10 Things Only People From Texas Say (Slideshow)
September 9, 2016
How many of these Texas terms do you know?
“All Hat, No Cattle” / “Big Hat, No Cattle”
A traditional Texas putdown, “all hat, no cattle” (or, alternately, “big hat, no cattle”) refers to someone who is all talk with no action, power, or substance behind his/her words. Former Texas Gov. Ann Richards famously used this phrase to describe President George W. Bush.
You’ve probably heard “everything’s bigger in Texas,” but have you heard the phrase “bigger’n Dallas”? It’s short for “bigger than Dallas,” but the meaning is a bit more complicated than that. Sure, it can be used to refer to the enormous size of something (once upon a time, Dallas was the largest city in the state), but it can also be applied to something obvious or impossible to miss, with zero deniability. Such as, “I looked all over the house for the keys to my truck, yet there they were on the kitchen table, bigger’n Dallas.”
Shutterstock/ Orest lyzhechka
You know how everyone is familiar with the idea of extraterrestrial visitors, but the only people who allegedly get abducted are from rural areas? That’s kind of how it works for chupacabras. Meaning “goat-sucker” in Spanish, these legendary (and likely mythical) creatures attack and drink the blood of livestock, and have been spotted everywhere from Chile to Russia to Maine — however, a large majority of the stories seem to come from Texas. Pull up a list of recent reported chupacabra “sightings,” and you’ll see notable tales from San Antonio (three in 2004), Coleman (2005), Cuero (2007 and 2008), Blanco (2009), Hood County and Cresson (2010), Lake Jackson (2011), and Victoria County and Ratcliff (2014). Most of the creatures in these cases turned out to be coyotes suffering from severe mange, but that doesn’t change the fact that the chupacabra legend is still alive and well in Texas, more so than anywhere else in the world.
If you don’t hear what someone said, but prefer not to use the phrases “excuse me?” or “pardon?” it is perfectly acceptable in Texas to say, “Do what?” It can be used in almost any situation, even if the person talking to you is not describing an action. For example, if your friend casually remarks that the weather is “hotter than a stolen tamale,” and you’re not paying attention, you can simply ask, “Do what?”
“Don’t Mess With Texas”
Of course, Texans would be the only people to use the phrase “don’t mess with Texas,” but you’re more likely to see it said in print than hear it out loud. For some background, the slogan was actually first used by the Texas Department of Transportation in a statewide campaign to reduce littering, but it has since been printed on numerous tourist souvenirs and other items as an identity statement and declaration of Texas swagger. It is also the official motto of the USS Texas submarine and the unofficial slogan for the entire state. In case you were wondering, that original campaign is credited for helping to reduce litter on Texas highways by roughly 72 percent between 1986 and 1990.
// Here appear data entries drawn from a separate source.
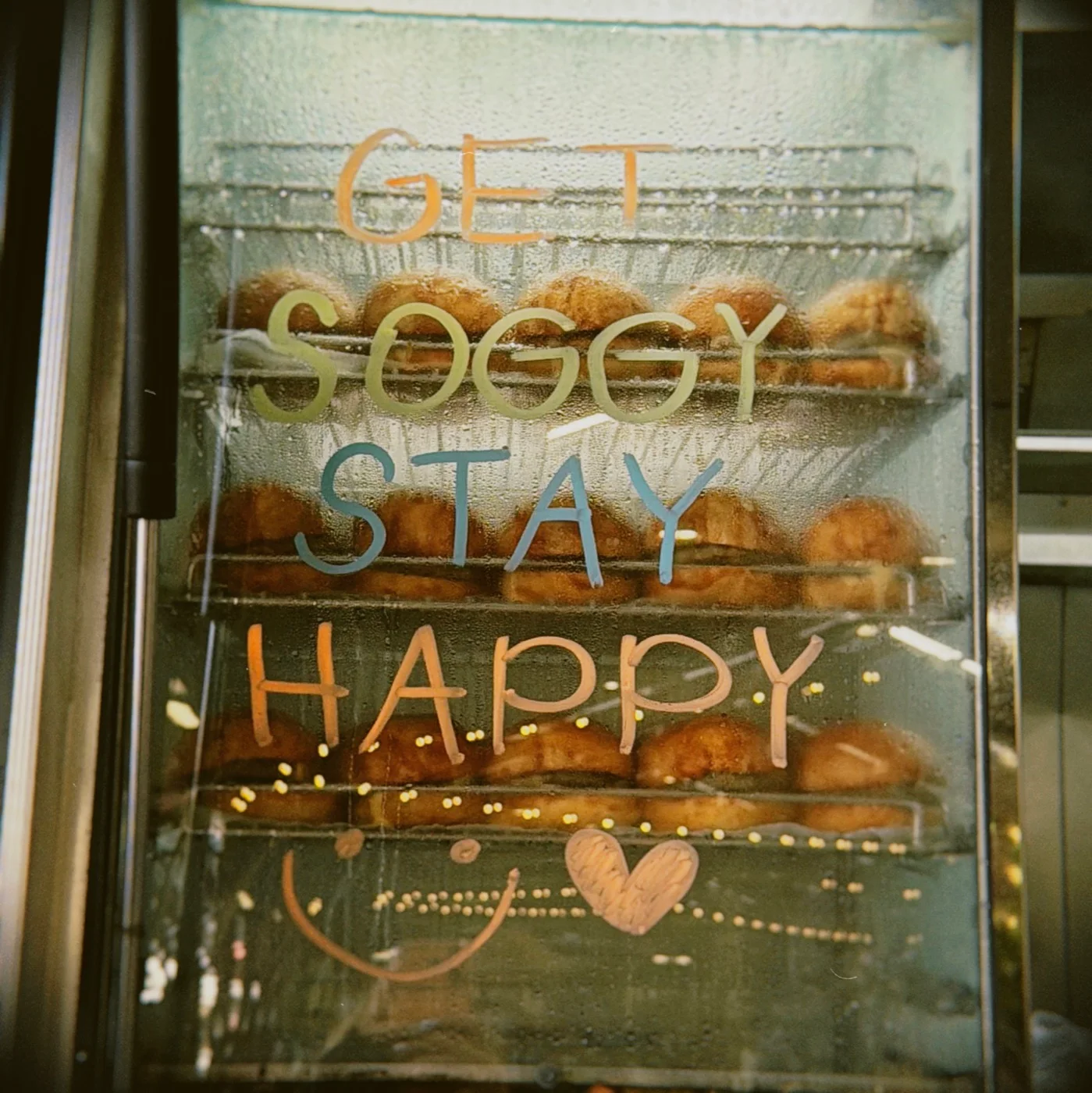 Get soggy, stay happy, handwritten on the burger steamer at SOSMOS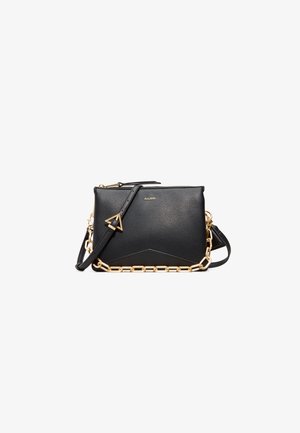 Black leather crossbody bag with a textured finish, gold chain accent, and adjustable strap; features a geometric shape and zipper closure.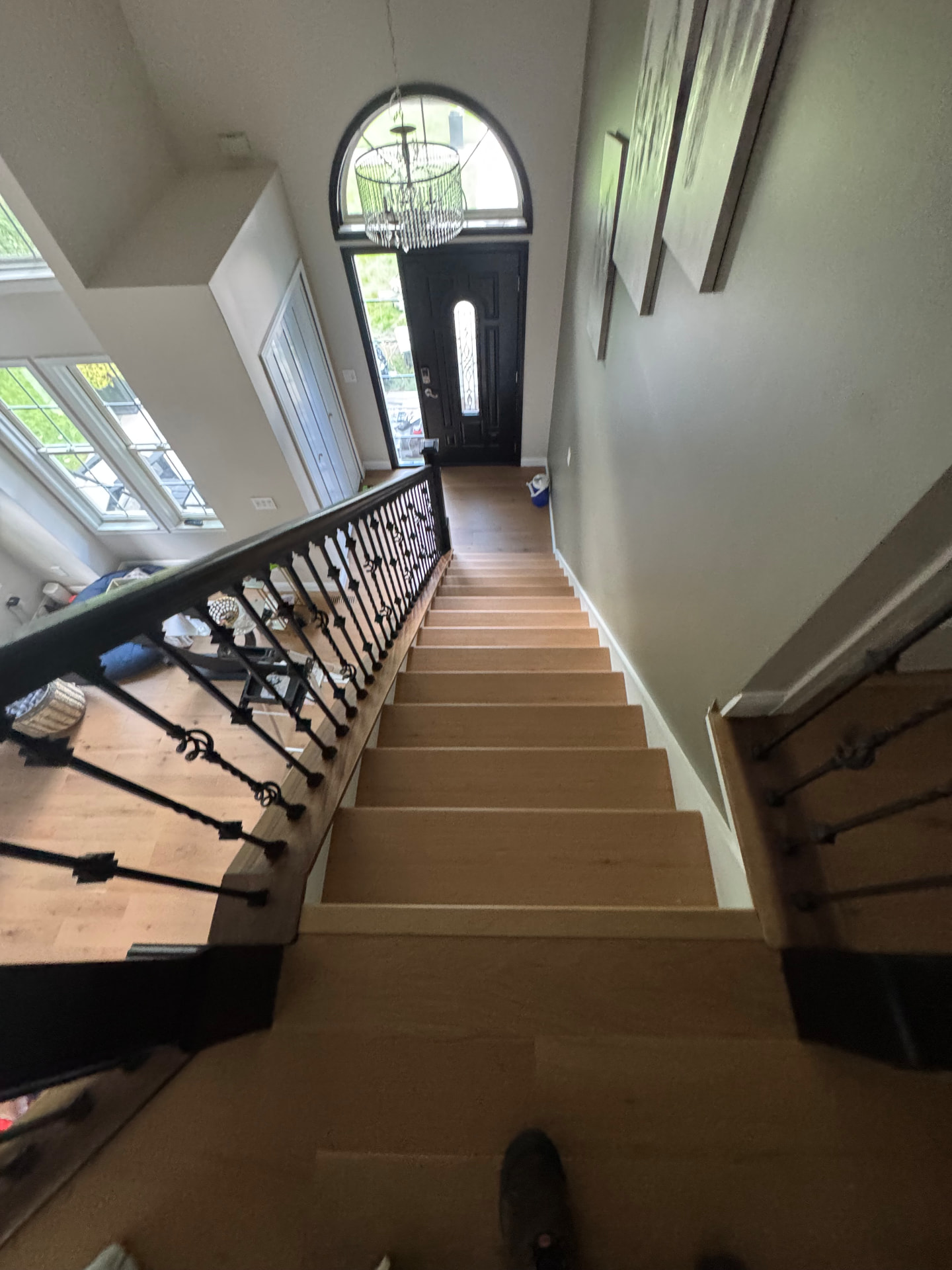 Two-story foyer staircase — waterproof engineered treads throughout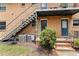 Apartment building features brick exterior, stairs to upper units, and a green yard at 3510 Roswell Nw Rd # N3, Atlanta, GA 30305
If you’re not from Texas, you probably have no idea what this is, and likely have never even heard the term before. Homecoming mums are basically elaborate corsages given from a student to his/her dance date, but there’s really nothing basic about them. These accessories are often bigger’n Dallas, with a dinner-plate-sized portion at the top (which can include flowers, bows, stuffed animals, and even LED lights), as well as streamers, ribbons, and/or strings of feathers that can extend down for several feet. These are usually given to the girls, with the guys receiving similar, smaller ones (called “garters”), which they pin on their sleeves.
Although most of the country is familiar with the greeting “howdy,” it is almost exclusively used in Texas as a shortened version of the question “how do you do?” Cowboy movies are mostly to blame for the phrase’s notoriety outside of the Lone Star State, and it is often presented with the stereotypical addition of “partner” on the end.
Before refrigerators and freezers were invented, folks would use insulated boxes containing blocks of ice, which were aptly named “iceboxes.” Even though they have now been replaced with the aforementioned ubiquitous electronic appliances, some people in the South — Texas especially — will still use the old-school term when referring to fridge portion.
An artificial pool, pond, reservoir, or cistern used to hold water for livestock or irrigation is also called a tank, which is a term generally only used by those familiar with life on a ranch or farm — which are especially popular in Texas.
Another name for a laundromat, the term “washateria” originated in Fort Worth, Texas, after Noah Brannen opened the first self-service laundry facility in 1936. It’s definitely a dated term, but one that is very much still in use among many Texans.